* Work required
The reply must contain exactly the lines below from the one with "Bisgaard Carly - brandy" down to the one with "Zucchini 'Dunja' F1 Samen BIO", both included, and nothing more; please omit the pictures.
(Data excerpts begins)
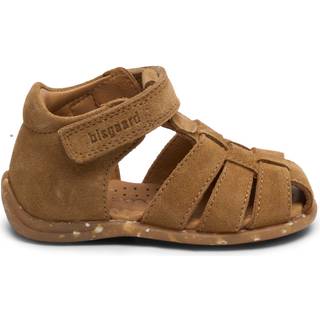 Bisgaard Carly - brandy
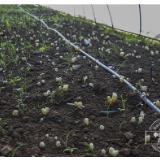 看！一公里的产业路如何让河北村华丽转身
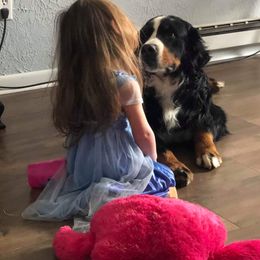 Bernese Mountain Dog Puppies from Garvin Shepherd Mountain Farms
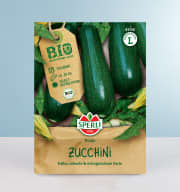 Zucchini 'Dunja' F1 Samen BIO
(Data excerpts ends)
(Data excerpts begins)
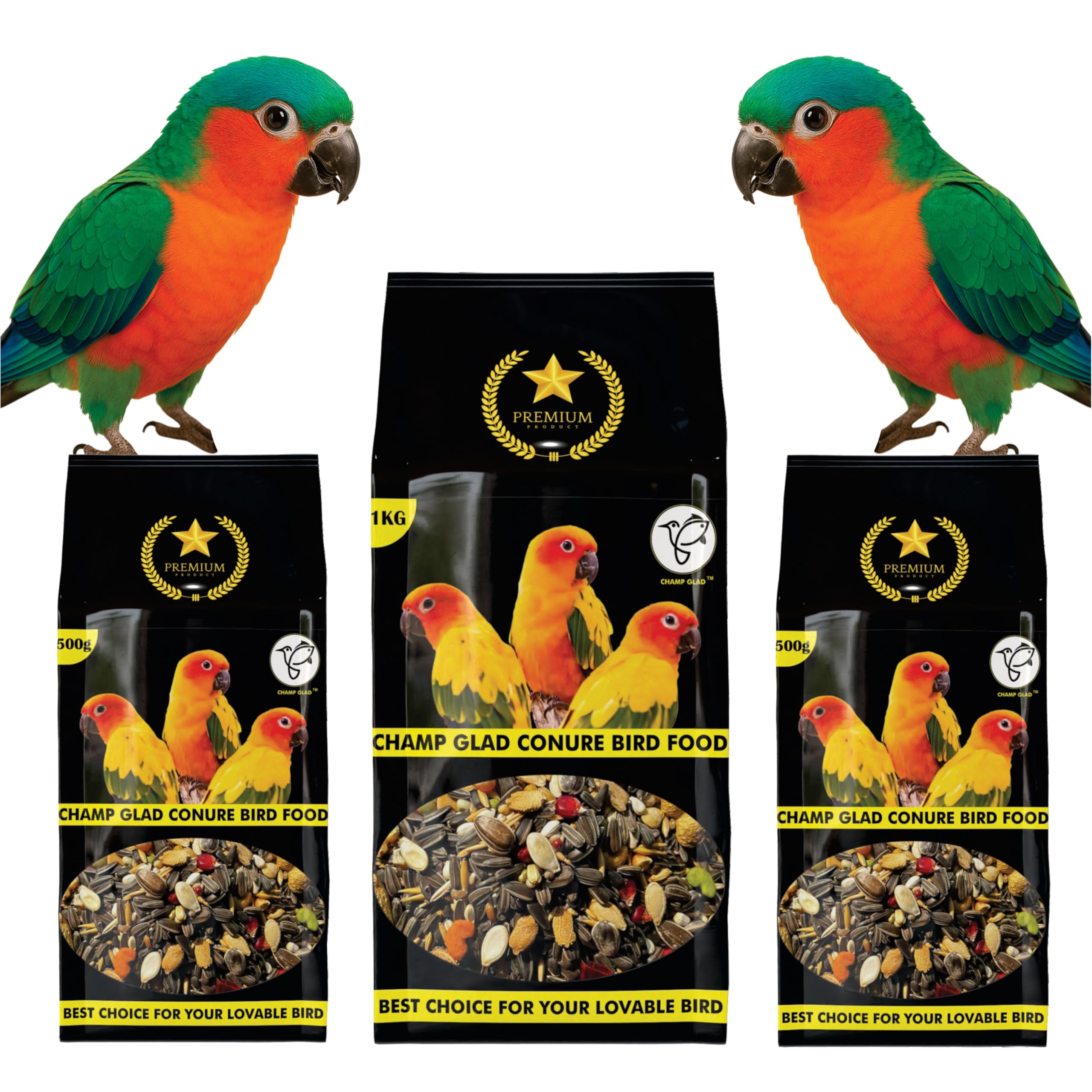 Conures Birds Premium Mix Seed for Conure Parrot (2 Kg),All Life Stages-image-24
(Data excerpts ends)
* Finished exercise
 Bisgaard Carly - brandy
 看！一公里的产业路如何让河北村华丽转身
 Bernese Mountain Dog Puppies from Garvin Shepherd Mountain Farms
 Zucchini 'Dunja' F1 Samen BIO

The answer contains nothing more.